Вячеслав Иванович понимал всю бессмысленность своих наскоков — и не мог остановиться. Словно чужая воля управляла его языком:
— Не-ет, это вы потом придумали для объяснения. Или оправдания. А тогда вы просто пошли, без расчета. Потому что было все равно. В то время от голода было все равно.
Да что вы говорите?! Что вы понимаете, молодой человек?! Откуда вам знать?!
И Степа смешно забасил:
— Как вы смеете! Я не позволю! Вы не понимаете!
— Понимаю, — с превосходством сказал Вячеслав Иванович. — Сам все видел. Сидящих этих. Потом и грузили их сидя. Потому что не распрямить.
Наверное, он видел. Даже наверняка. Но вряд ли хорошо запомнил. Но после чтения дневника матери ему искренне казалось, что все понял и запомнил сам.

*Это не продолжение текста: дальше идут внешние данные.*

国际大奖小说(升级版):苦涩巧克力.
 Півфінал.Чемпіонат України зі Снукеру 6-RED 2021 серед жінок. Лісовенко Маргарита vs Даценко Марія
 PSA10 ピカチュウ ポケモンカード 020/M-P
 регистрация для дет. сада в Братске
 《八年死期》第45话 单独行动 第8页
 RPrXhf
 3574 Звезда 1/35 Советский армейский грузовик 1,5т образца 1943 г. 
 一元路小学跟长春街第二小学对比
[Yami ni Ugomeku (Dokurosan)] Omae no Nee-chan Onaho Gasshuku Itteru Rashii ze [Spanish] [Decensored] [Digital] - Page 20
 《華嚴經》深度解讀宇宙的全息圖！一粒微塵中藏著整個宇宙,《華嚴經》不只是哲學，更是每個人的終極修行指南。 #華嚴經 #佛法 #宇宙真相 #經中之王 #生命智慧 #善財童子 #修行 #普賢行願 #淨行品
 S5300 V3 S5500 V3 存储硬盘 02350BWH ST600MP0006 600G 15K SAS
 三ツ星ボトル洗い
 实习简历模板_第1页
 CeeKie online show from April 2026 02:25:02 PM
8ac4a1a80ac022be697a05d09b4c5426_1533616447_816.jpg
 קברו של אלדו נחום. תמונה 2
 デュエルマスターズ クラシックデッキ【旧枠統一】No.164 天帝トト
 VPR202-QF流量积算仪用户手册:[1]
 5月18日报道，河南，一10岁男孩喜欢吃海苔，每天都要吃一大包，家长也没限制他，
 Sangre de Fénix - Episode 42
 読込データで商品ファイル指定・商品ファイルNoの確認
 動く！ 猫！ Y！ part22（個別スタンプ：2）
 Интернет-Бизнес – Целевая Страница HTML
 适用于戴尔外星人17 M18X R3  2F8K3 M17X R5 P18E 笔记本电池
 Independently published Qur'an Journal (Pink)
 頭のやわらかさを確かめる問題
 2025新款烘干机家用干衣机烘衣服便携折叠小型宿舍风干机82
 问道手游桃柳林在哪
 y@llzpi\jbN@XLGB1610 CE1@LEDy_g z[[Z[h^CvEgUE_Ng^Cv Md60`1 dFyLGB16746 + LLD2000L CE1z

— Что вы видели?! Сколько вам лет?!
— Как раз достаточно: в ту зиму было пять.
— Что вы понимали в ваши пять лет!
— Понимал. Тогда год не за два шел, а за четыре, наверное.
Зачем было спорить о чувствах сорокалетней давности! Ну пусть бы Степа оставался при своем приятном самообмане. Но нет, Вячеслав Иванович ничуть не раскаивался в сказанном. Ему нравилось разрушать фальшивую иллюзию большого глупого Степы.
А тот все басил:
— Я не позволю! Пользуетесь, что не приняты больше дуэли, оскорбляете безнаказанно.
Господи, о чем вспомнил! Тоже нашелся — Онегин с Ленским.